I'm trying to plot the probability density of research regarding agreements of representative pairs in Congress. Think: how does the distribution of agreement on roll call votes within same-party pairs compare to ones within cross-party pairs. For this, I created distinct pairs for each member in Congress and tracked their votes for all roll calls. I then aggregate this and determine what the proportion of agreements for each pair is. You can imagine that same-party pairs have a high proportion of agreement on roll calls votes, while cross-party-pairs don't. Hence, the maximum value this field can assume is 1, meaning that a pair has agreed on all roll call votes. The minimum value, vice versa, is 0. I do this for every imaginable pair and plot their probability density.

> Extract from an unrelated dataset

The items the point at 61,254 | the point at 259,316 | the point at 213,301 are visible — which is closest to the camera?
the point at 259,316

Unfortunately, for some congresses, I run into an issue where the line to the right of the plot won't reach the x-axis.
h117$pdplot <-
ggplot(data =
h117$pairs_votes_proportions %>%
filter(proportion_of_agreements < 1 & proportion_of_agreements > 0.00),
aes(
x = proportion_of_agreements,
fill = pair_type)) +
geom_density(adjust = 2,
alpha = 0.4,
size = 0.7) +
scale_fill_grey(start = 0.1, end = 0.8) +
labs(title = paste("House of Representatives 117;",length(unique(h117$votes$rollnumber)),"roll calls"),
x = "Proportion of Agreements",
y = "Density") +
theme_minimal() +
theme(legend.position = "none",
plot.title = element_text(hjust = 0.5, face = "bold")) +
xlim(0, 1)
Now, what I don't understand is, why the line wants to go beyond x=1 at all. Isn't it supposed to stay within the range of x? Secondly, how do I fix this in ggplot or another alternative?

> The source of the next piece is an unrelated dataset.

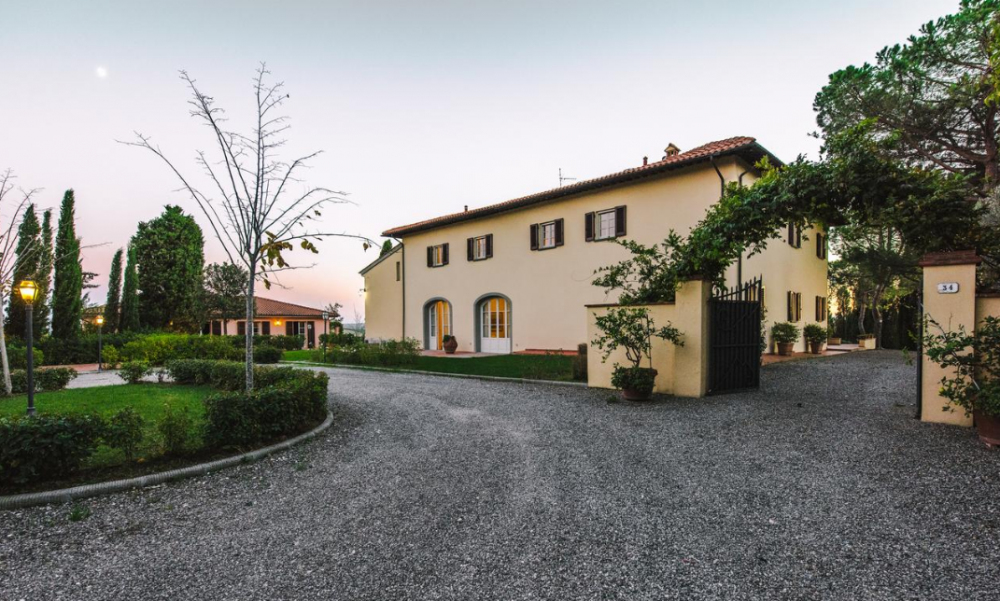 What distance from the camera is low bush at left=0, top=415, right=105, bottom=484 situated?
3.66 metres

Attempted: Adjusting alpha, trim, filtering out the edges of data or leaving them in, switching to stat_density
There’s no rule that a density function has to intercept the x axis, and nothing necessarily wrong with your plot. In fact, if the line did intercept the x axis at x = 1, this would be an inaccurate representation of your data. This would be communicating that the probability density is 0 when x = 1 — essentially, that there are no cases where the proportion of agreement is 1. But in fact there are some cases where the proportion of agreement is 1; hence the probability density at x = 1 is > 0, so the line is necessarily above the x axis at that point.
So I would leave your plot as is. That being said, you can add an outline around the density function using outline.type = "full"
.
set.seed(13)
library(ggplot2)
# example data
dat <- data.frame(
x = c(rbeta(250, 3, 7), rbeta(250, 10, 1)),
grp = rep(c("a", "b"), each = 250)
)
ggplot(dat) +
geom_density(aes(x, fill = grp), alpha = 0.4, outline.type = "full") +
scale_fill_grey(start = 0.1, end = 0.8) +
theme_minimal() +
xlim(0, 1)
To my eye, this is misleading — it looks like group b has a lot of cases with x very close to 1, but none where x equals 1, which isn’t accurate.
A compromise might be to add a border to the plot rather than to the density shapes:
ggplot(dat) +
geom_density(aes(x, fill = grp), alpha = 0.4) +
scale_x_continuous(limits = c(0, 1), expand = c(0, 0)) +
scale_y_continuous(expand = expansion(mult = c(0, 0.05))) +
scale_fill_grey(start = 0.1, end = 0.8) +
theme_minimal() +
theme(panel.border = element_rect(linewidth = 1, fill = NA))
To me at least, this makes the end of the density function look a bit less abrupt, without implying there are 0 cases where x = 1.